It’s Time to Reform Taxes for U.S. Businesses | Commentary
The conventional wisdom is that tax reform is dead.
Not so.
Sen. Ron Wyden, D-Ore., who is likely to assume the chairmanship of the Senate Finance Committee, is a longtime supporter of reform. His campaign website makes clear that he’s still on board. “[L]et’s get rid of the special interest tax breaks, let everybody file their taxes on a one-page form, and make sure that a dollar earned through work is taxed the same as a dollar earned through investment,” it reads.
Advocates of comprehensive tax reform were discouraged by the surprise announcement late last year that Sen. Max Baucus, D-Mont., was giving up his chairmanship of the Finance Committee to become the U.S. ambassador to China. In fact, he was simply passing the reform torch to someone extremely capable and also committed to the cause.

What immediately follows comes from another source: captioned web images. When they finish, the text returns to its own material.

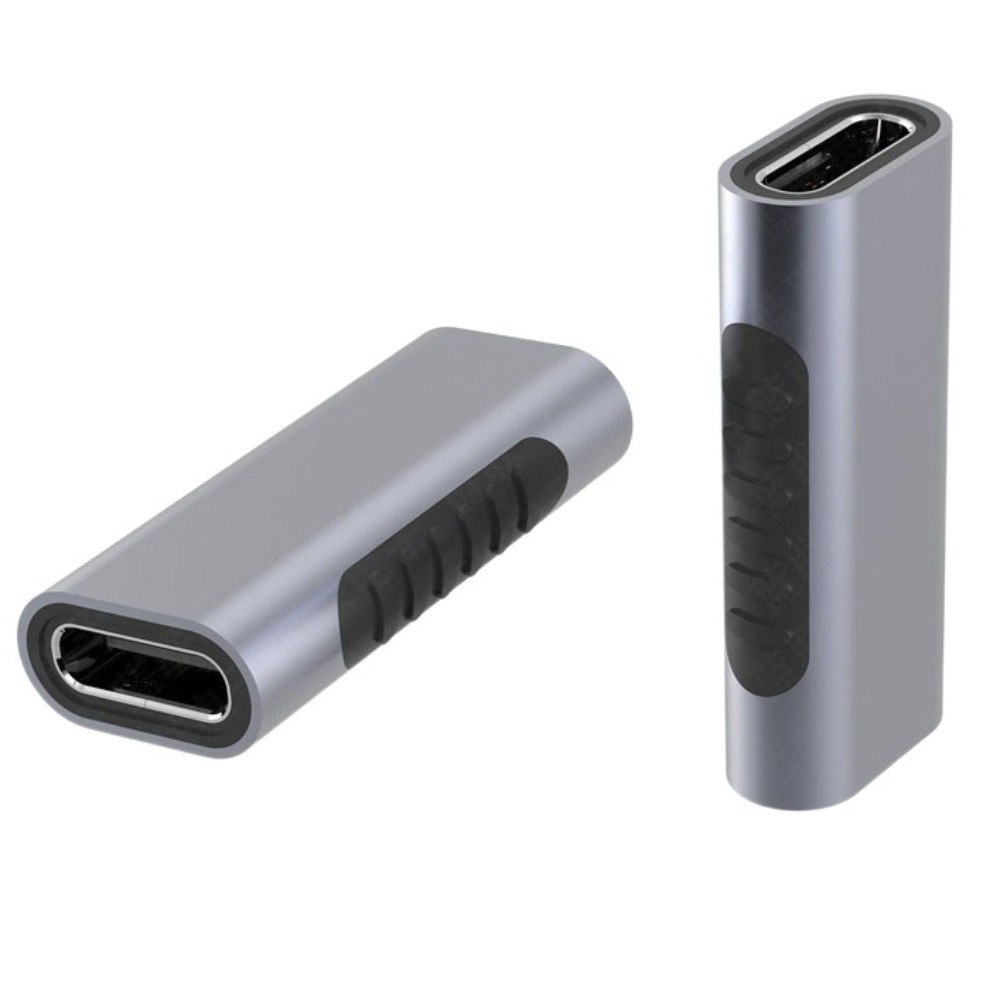 Female To Female USB C Coupler Adapter USB-C Coupler 100W USB Coupler Type-C Converter Full Functionality Charging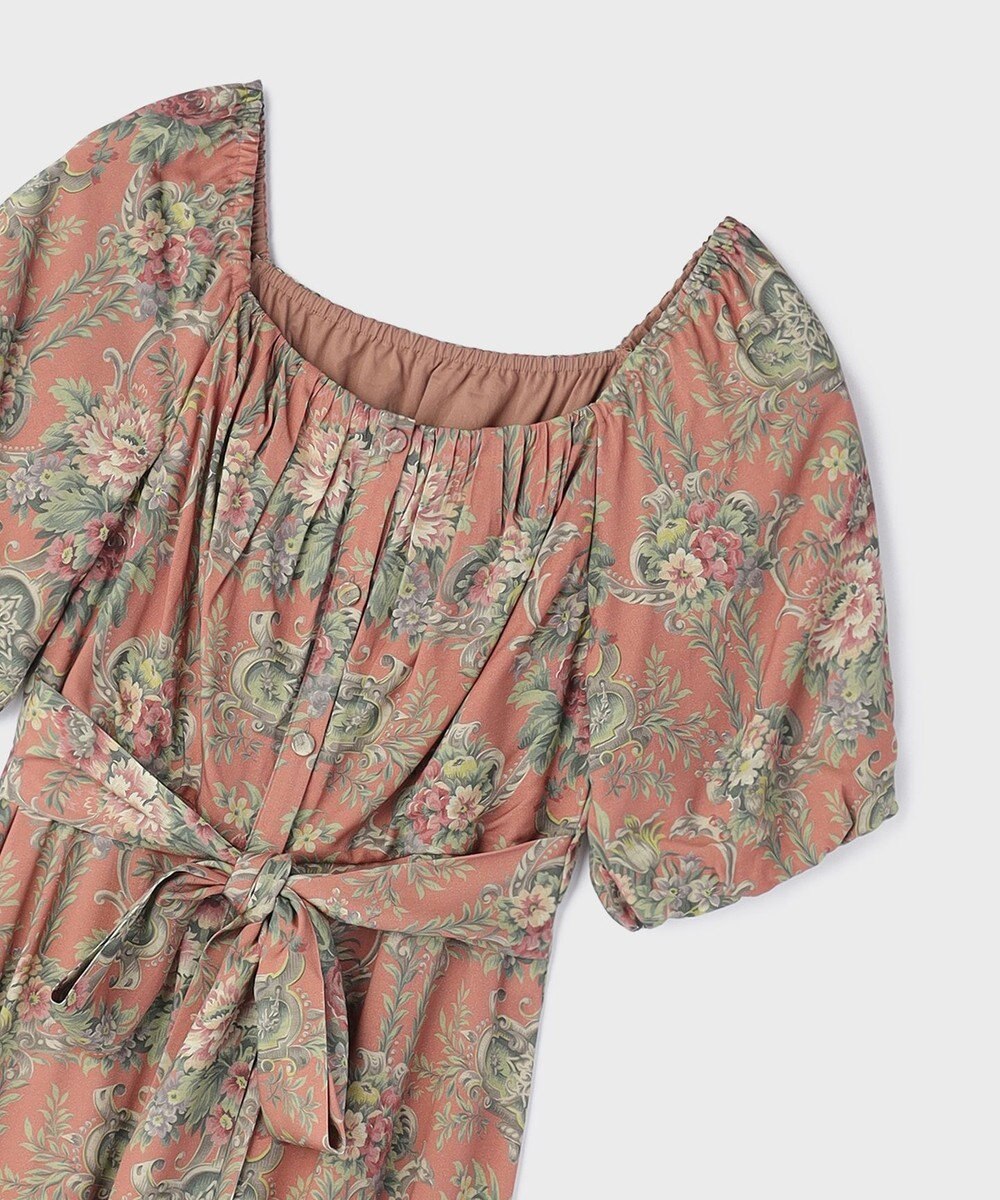 GRACE CONTINENTAL ヴィンテージフラワープリントワンピース 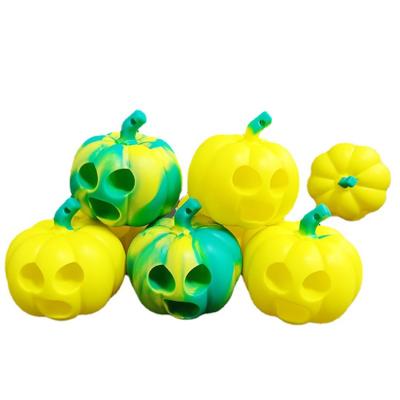 China New Design 3D Kids Pumpkin Decompression Pumpkin Ball Handle Stereo Silicone Busy Person Key Chain Snap, New Busy Person Toys for sale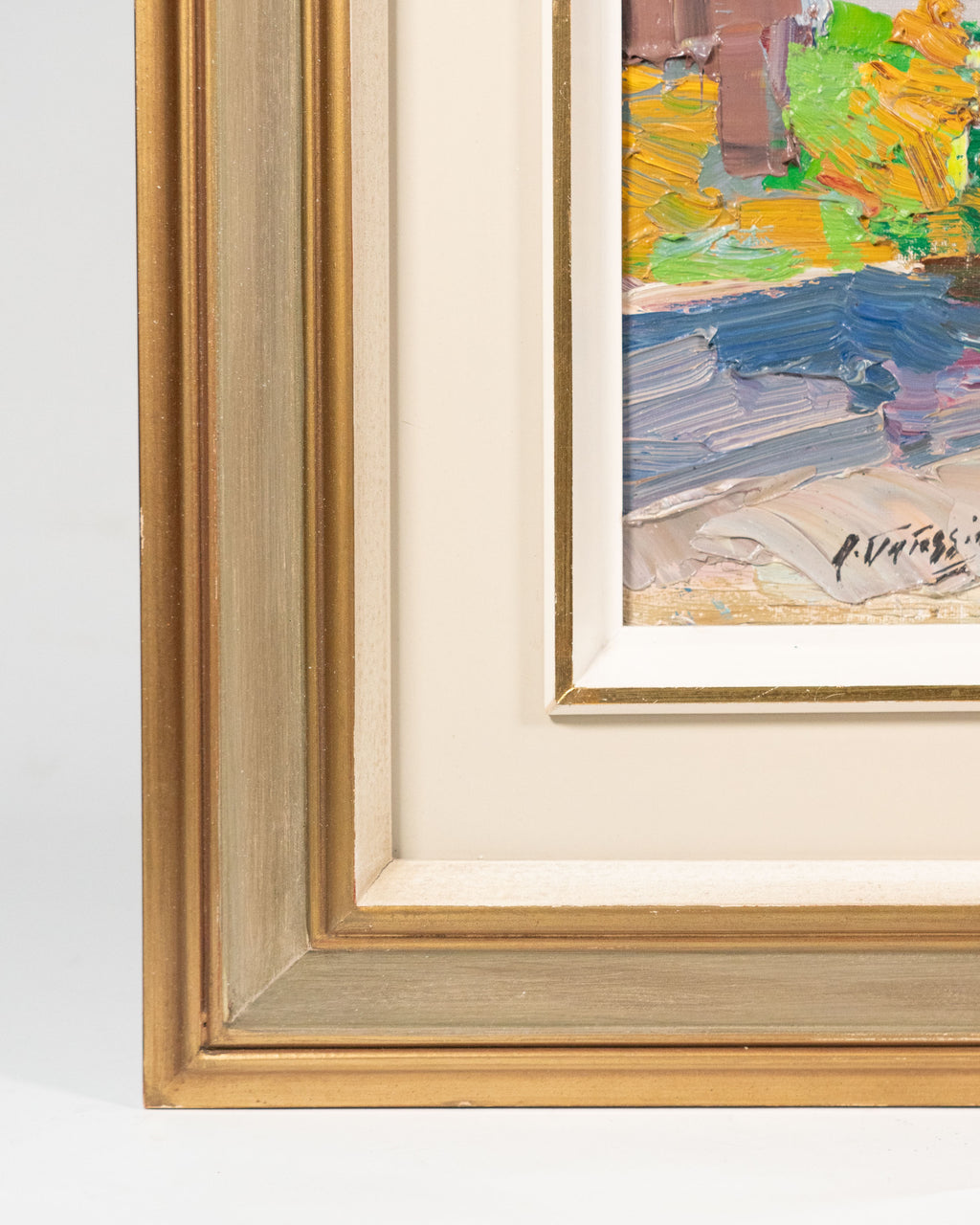 Huile sur toile de lin « Le Voilier » – Armand Tatossian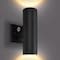 Luxrite Dusk to Dawn LED Outdoor Wall Lights 10in up/Up and Down Light 3CCT 3000K-5000K 12/15/18W IP65 ETL LR40336-1PK - alternate 1
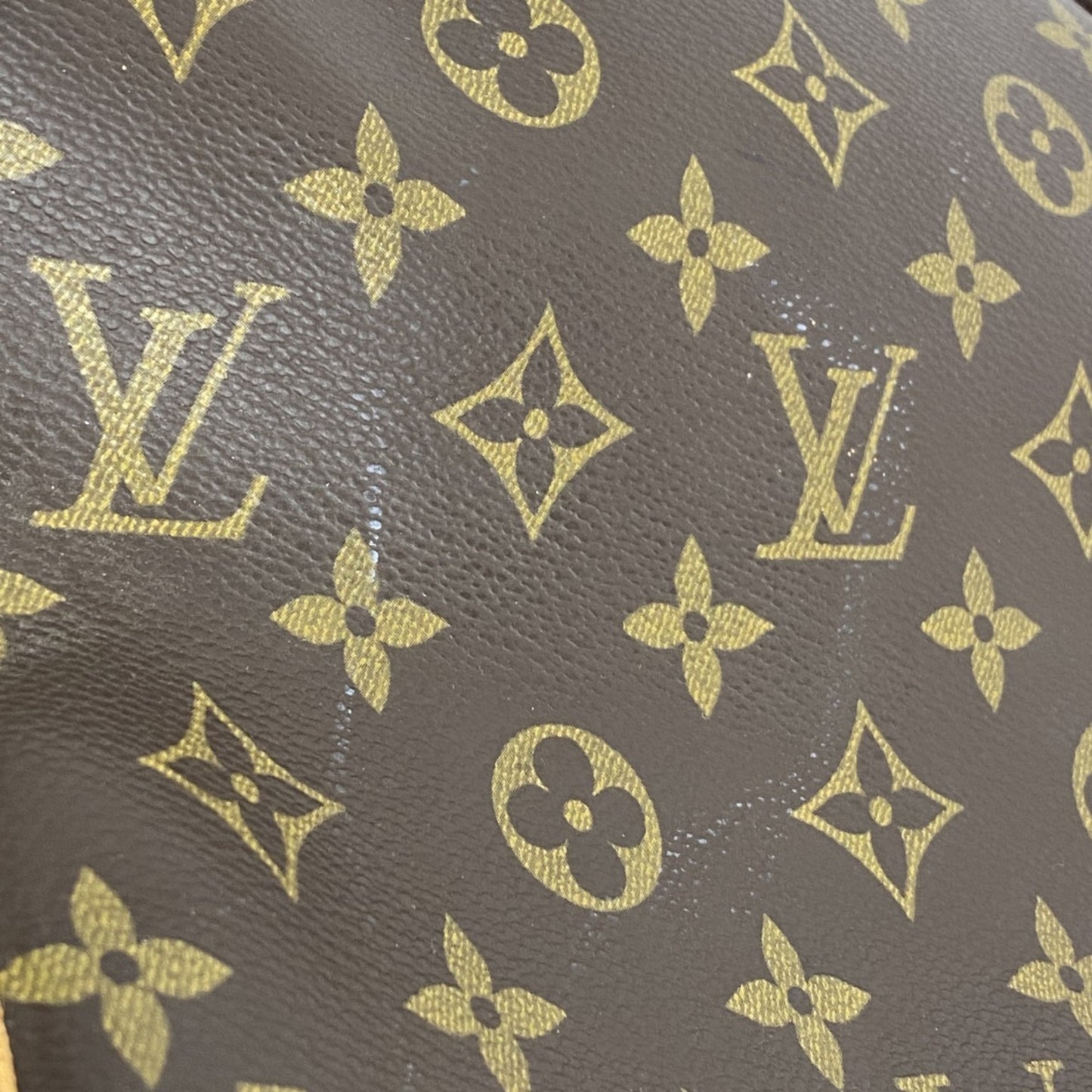 Louis Vuitton Monogram Keepall 50 Boston Bag M41426 Brown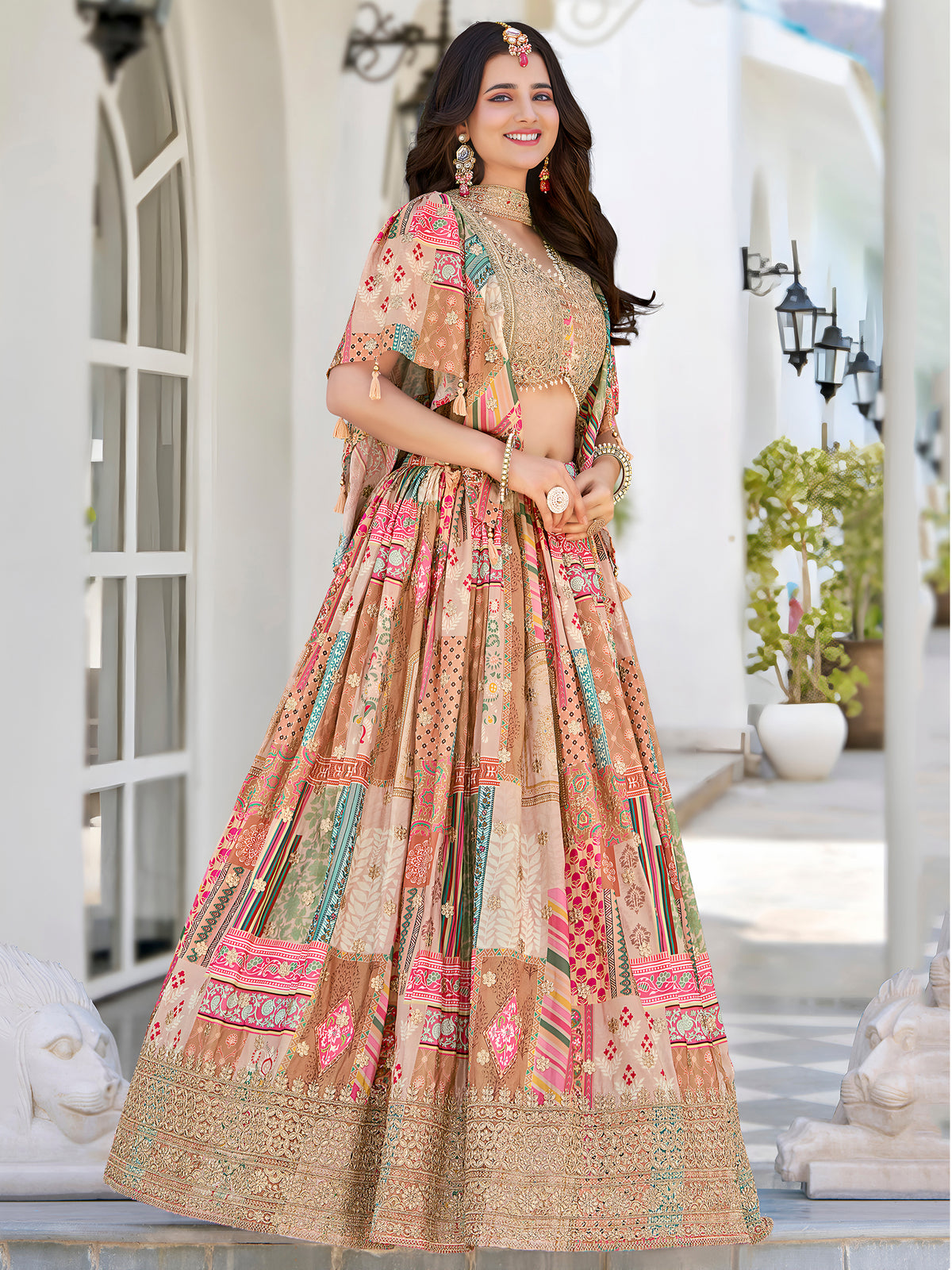 Latest Semi Stitched Lehenga Choli With Dupatta.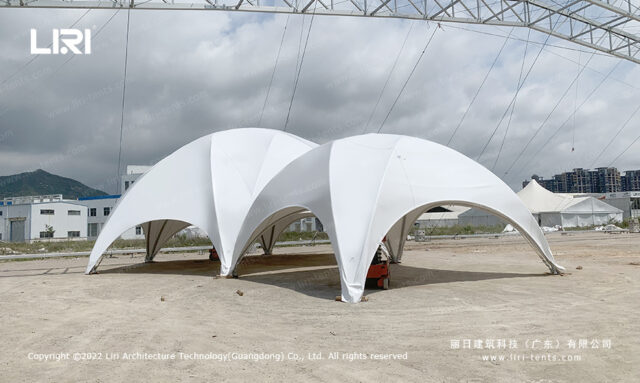 Aluguer de tendas tipo «Crossover Dome»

Lawmakers like Wyden understand that the economy overall and businesses in particular would benefit from traditional tax reform, which would lower tax rates and end many credits and deductions.
This approach will create a fairer and more transparent system. According to a study by S&P Capital IQ, S&P 500 companies take advantage of credits and deductions at widely varying rates, meaning some companies pay virtually no taxes while others pay close to the statutory rate.
About 1.6 million companies, most of them very large, pay taxes through the corporate income tax system. Their top rate is 35 percent. Not only is this the highest rate in the world, American companies also bear the world’s highest effective tax rate on the amount they actually pay to Uncle Sam after credits and deductions. According to the Business Roundtable, U.S.-based companies pay a rate higher than those based in Germany, Japan and China —a fact that severely diminishes U.S. competitiveness.
But lawmakers shouldn’t only lower corporate rates. They need to reduce individual rates as well. The vast majority of U.S. businesses, it turns out, are not classified as corporations and pay federal taxes through the same system individuals do.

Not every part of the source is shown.